The current spate of headwater drainages that either are allowed to burn by wildfire, or, due to mismanagement of the vegetative fuel buildup cannot be safely suppressed, are already impacting our waters, and this Water Plan needs to analyze this issue in detail. In the 2010 USDA Forest Service RMRS-GTR-231 publication “Cumulative Watershed Effects of Fuel Management in the Western United States,” Chapter 7, “Fuel Management and Water Yield” by Troendle, MacDonald, Luce & Larsen, these scientific experts concluded that the data from 95 watershed experiments conducted in the US showed that, on average, annual runoff increases by nearly 2.5mm for each 1 percent of watershed area harvested [or burnt..poc]. They further conclude that approximately 20 percent of the basal area of the vegetation must be removed before a statistically significant change in annual runoff can be detected. Just imagine the impact when a watershed is burnt by wildfire! It is true that most hydrologic studies on the Forest Service have been conducted to consider the relationship of commercial timber harvest versus water flows; however, the harvest technology has been available for a long time to react and prevent negative water flow responses, whereas with wildfire, there is no management options (other than pre-fire vegetative) when complete drainages within watersheds are burnt.

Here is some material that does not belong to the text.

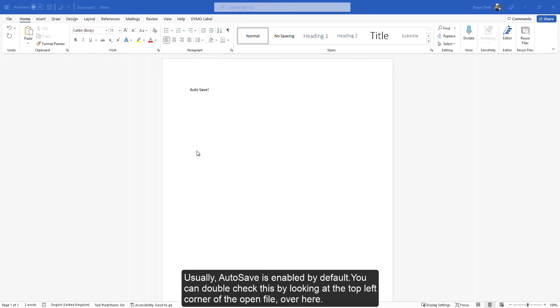Usually, AutoSave is enabled by default. You can double check this by looking at the top left corner of the open file, over here.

This is an extremely serious issue for all water users, in particular communities that depend on federally managed watersheds for their water supply.
As a member of the Water Policy Interim Committee, and Vice Chair of the House Natural Resource Committee, I would appreciate assurances from the DNRC prior to the final delivery of the Plan to the EQC and WPIC committees that this issue will be been fully considered in the Plan.